Your task: Restrict the output to the lines below starting at the one that contains "朝鲜歌曲与中国中国人民志愿军" and ending at the one that contains "Pirelli Cinturato P7 (P7C2)<br>Run Flat", and restate them word for word, both ends included.

Source data:
+ + + + + + +
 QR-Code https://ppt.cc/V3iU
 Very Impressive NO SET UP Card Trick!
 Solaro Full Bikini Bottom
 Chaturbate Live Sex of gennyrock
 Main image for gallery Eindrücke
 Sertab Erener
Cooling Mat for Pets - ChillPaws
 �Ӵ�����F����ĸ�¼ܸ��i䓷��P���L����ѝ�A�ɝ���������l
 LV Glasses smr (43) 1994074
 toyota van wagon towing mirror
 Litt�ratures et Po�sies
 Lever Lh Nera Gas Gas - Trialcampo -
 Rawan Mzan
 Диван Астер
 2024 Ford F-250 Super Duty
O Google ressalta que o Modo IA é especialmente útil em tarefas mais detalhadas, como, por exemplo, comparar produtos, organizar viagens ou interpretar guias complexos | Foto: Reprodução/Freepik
+ + + + + + +
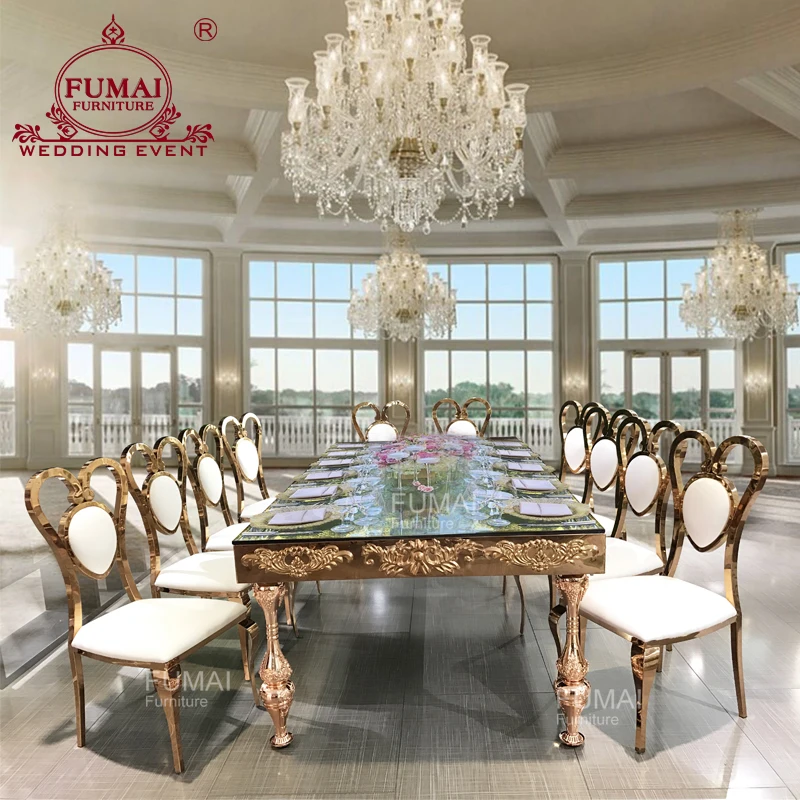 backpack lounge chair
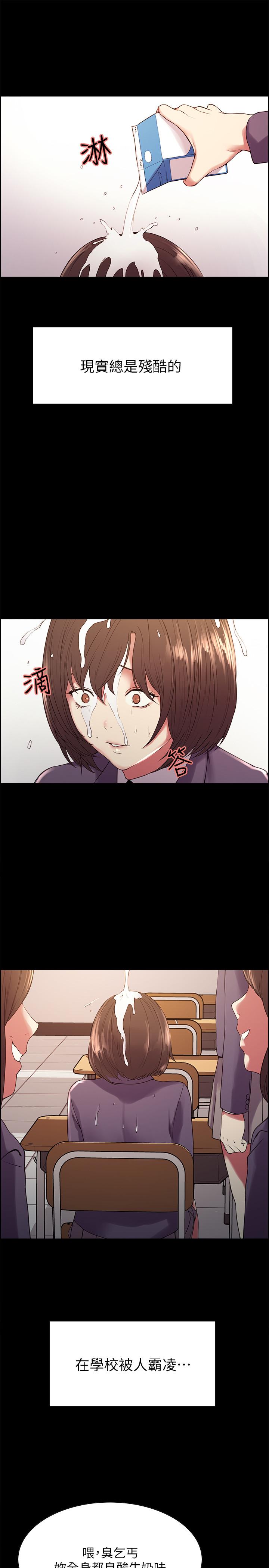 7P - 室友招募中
+ + + + + + +
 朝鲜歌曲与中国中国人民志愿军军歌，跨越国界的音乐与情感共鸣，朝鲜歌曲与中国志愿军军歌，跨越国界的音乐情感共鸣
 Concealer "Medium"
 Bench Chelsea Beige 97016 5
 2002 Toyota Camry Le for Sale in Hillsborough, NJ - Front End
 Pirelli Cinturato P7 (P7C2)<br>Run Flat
+ + + + + + +
Written reply:
 朝鲜歌曲与中国中国人民志愿军军歌，跨越国界的音乐与情感共鸣，朝鲜歌曲与中国志愿军军歌，跨越国界的音乐情感共鸣
 Concealer "Medium"
 Bench Chelsea Beige 97016 5
 2002 Toyota Camry Le for Sale in Hillsborough, NJ - Front End
 Pirelli Cinturato P7 (P7C2)<br>Run Flat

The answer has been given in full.